The conflict presented to the European judges opposed to the IR society Cadbury Schweppes. It had established subsidiaries in Ireland so that certain activities of research funding for the group to benefit from very favourable Irish tax reserved to companies established in the International Financial Services Center in Dublin.

Cadbury Schweppes could not escape to the British legislation on the dry (controlled foreign companies) that showing that the creation of subsidiaries in Ireland had no main or essential purpose the obtaining of a decrease in tax that would have been paid to the United Kingdom on the same operations. In other words, it had to satisfy the said test "of the mobile". The crucial question was whether this legislation could be justified by the objective of the United Kingdom to fight against tax evasion for which the Court had seemed more friendly in the case of Marks & Spencer. This time, it seems more clear: for the Court, the establishment of a subsidiary in a member to be benefit from a more advantageous tax system is not in itself constitute tax evasion. Moreover, the mere fact admitted by the Court to justify the British measure in respect of the fight against tax evasion would be to demonstrate the existence of a "purely artificial montage designed to circumvent tax law".
Clarified policy
And for the European judges, the mere existence of a fiscal goal is not sufficient to establish the existence of such an Assembly. According to the Court, there is artificial mounting if the creation of the subsidiary and, therefore, its operations are devoid of any reality or any economic substance, this subsidiary is for example that a company box letters or a display company. Such a construction would not meet the objective of the community provision invoked, in this case article 43 EC on the freedom of establishment, which "involves the exercise of an economic activity through a stable installation in this State for an indefinite period" or, in other words, "a real implementation of the company concerned in the host Member State and the exercise of effective activity in the. Finally, it will become an issue for the tax administration to require the taxpayer a negative or subjective evidence. It will suffice to establish objective and verifiable elements by third parties, as for example the existence of local, qualified personnel or equipment, that the economic establishment of the subsidiary is real and not fictitious.

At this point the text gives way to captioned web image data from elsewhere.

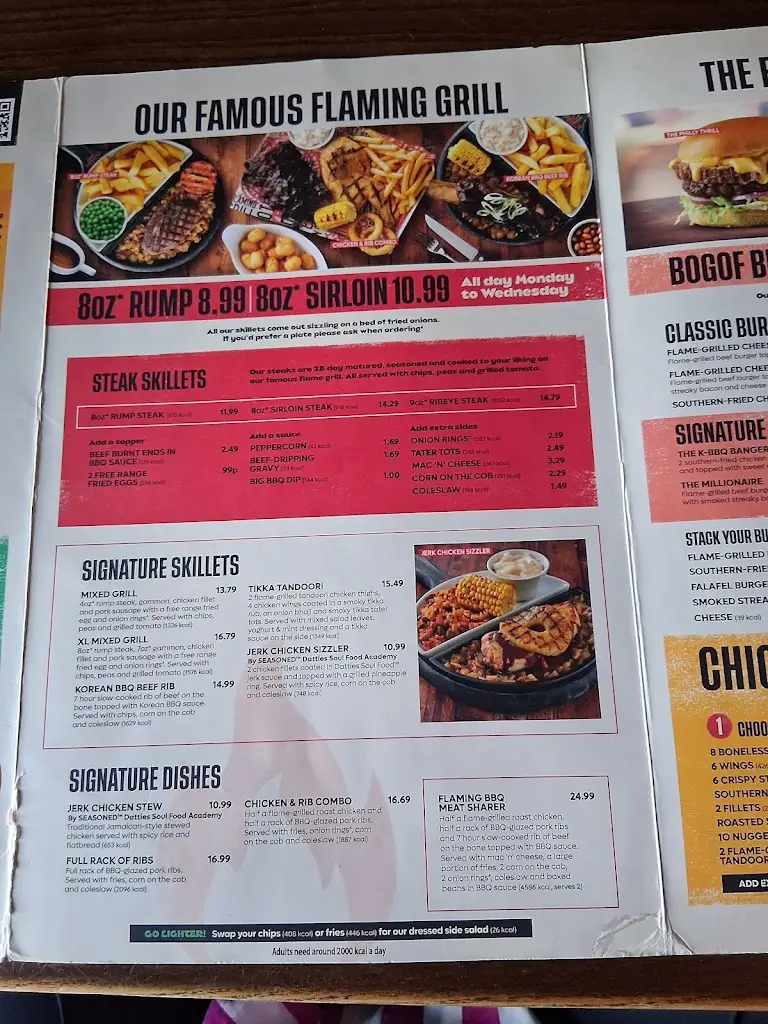 Menu_Station Promenade_Heysham_image_2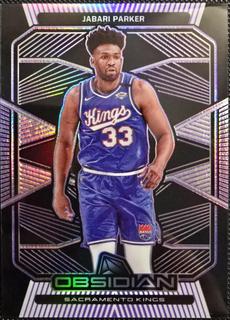 Jabari Parker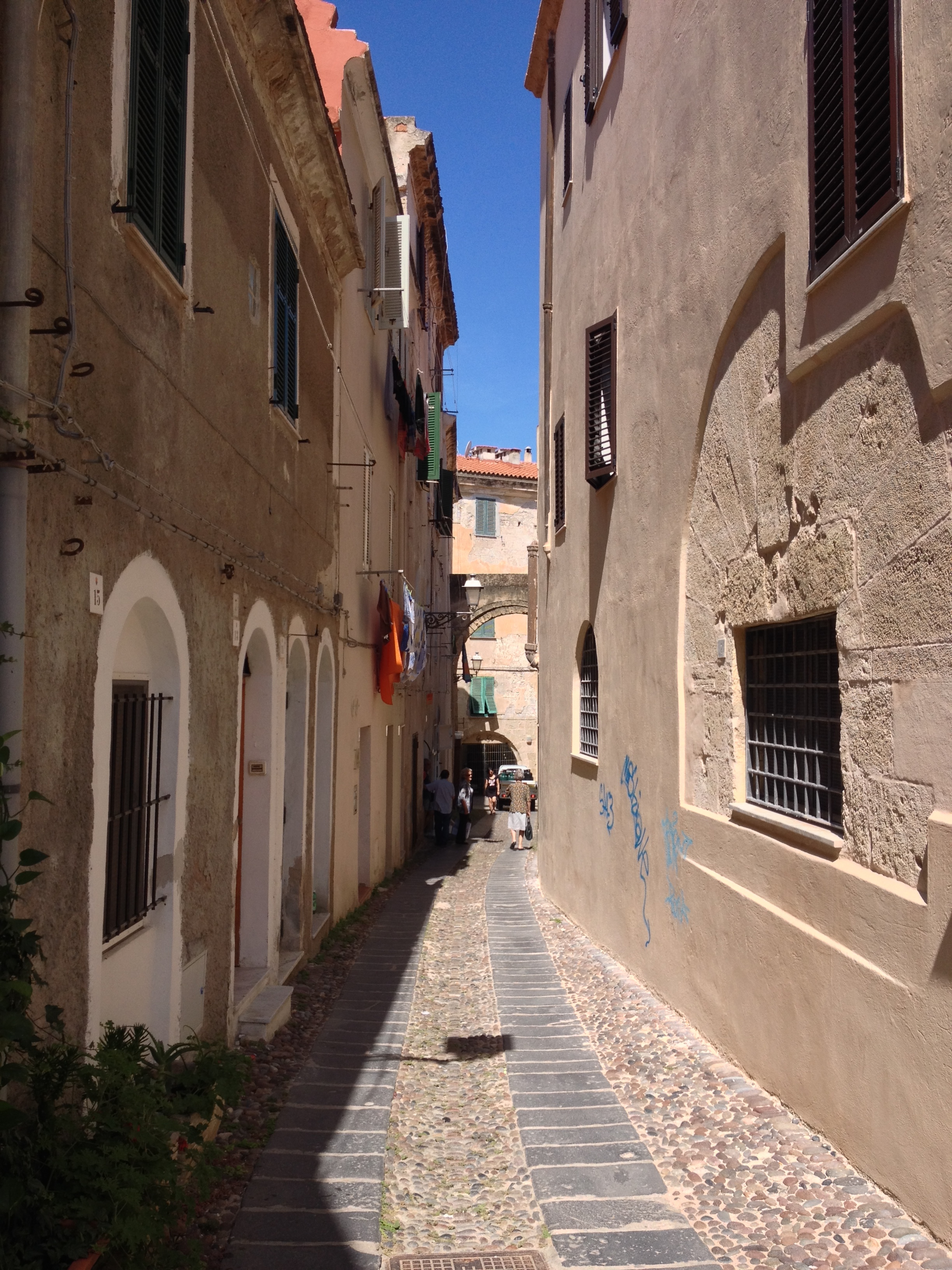 Photo Italie Sardaigne Alghero 2015-06 84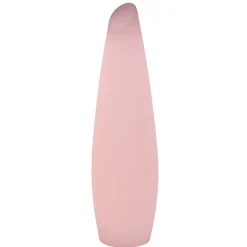 Newgarden LED-gulvlampe Fredo, hvid, plast, 140 cm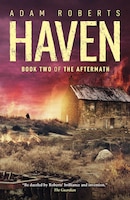 Haven: Tales Of The Aftermath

The judgment of the Court must therefore clearly a change in British legislation, and especially of the "test of the mobile", which was imposed on companies, to avoid being themselves taxed on profits made by their subsidiaries abroad.

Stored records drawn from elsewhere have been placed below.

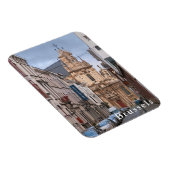 ブリュッセル#17 マグネット (右側)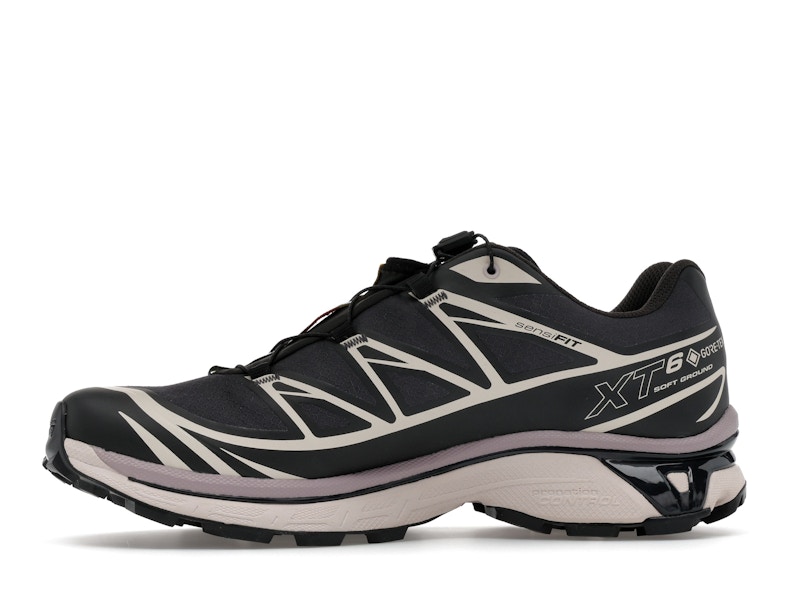 Salomon XT-6 Gore-Tex Phantom Hushed Violet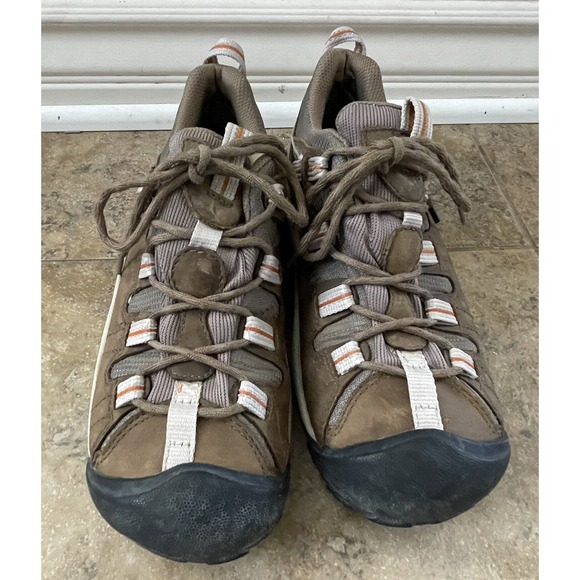 Keen GDC 0610 Keen Dry Hiking Trail Shoes Women's Size US 8 - Picture 3 of 7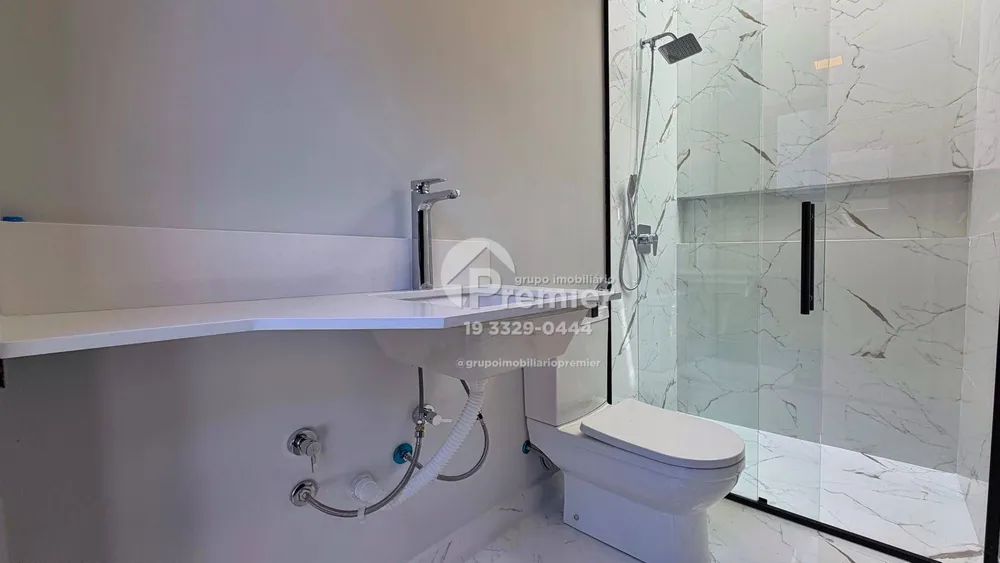 Casa de Condomínio, 3 quartos - Foto 6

French legislation, it has been recently modified through the new article 209 (b) of the General Code of taxes, which has taken over the traditional of the jurisprudence of the court sentence by exempting the French regulatory equivalent on the dry the companies and their subsidiaries established in the Union European "except in the case of artificial editing designed to circumvent tax law". Only the application of this sentence by French judicial and administrative authorities could still create a problem of compatibility with Community law. They have in any case, at the present time, a line of conduct clarified by the case of Cadbury Schweppes.